### Problem to solve
Please output exactly the part of the records below that opens with the line containing "Magnetic Ice Maze" and closes with the line containing "Front Suspension Shock", both lines included, and nothing else.

### Excerpted data
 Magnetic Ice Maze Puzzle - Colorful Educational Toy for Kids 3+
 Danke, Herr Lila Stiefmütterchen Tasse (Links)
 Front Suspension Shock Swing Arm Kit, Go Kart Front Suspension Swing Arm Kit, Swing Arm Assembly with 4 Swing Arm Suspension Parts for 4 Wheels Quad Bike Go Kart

--

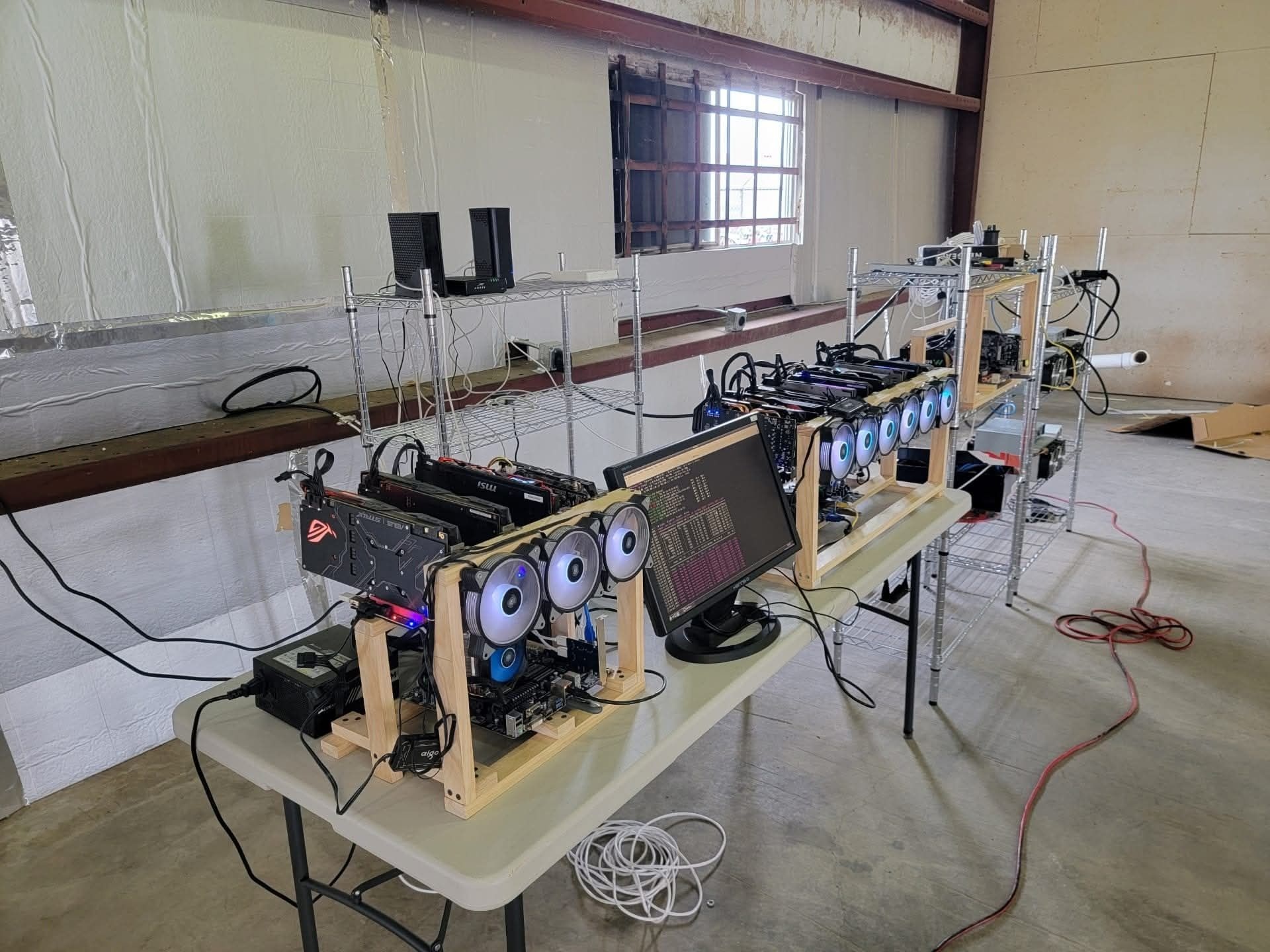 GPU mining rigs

### Solution
 Magnetic Ice Maze Puzzle - Colorful Educational Toy for Kids 3+
 Danke, Herr Lila Stiefmütterchen Tasse (Links)
 Front Suspension Shock Swing Arm Kit, Go Kart Front Suspension Swing Arm Kit, Swing Arm Assembly with 4 Swing Arm Suspension Parts for 4 Wheels Quad Bike Go Kart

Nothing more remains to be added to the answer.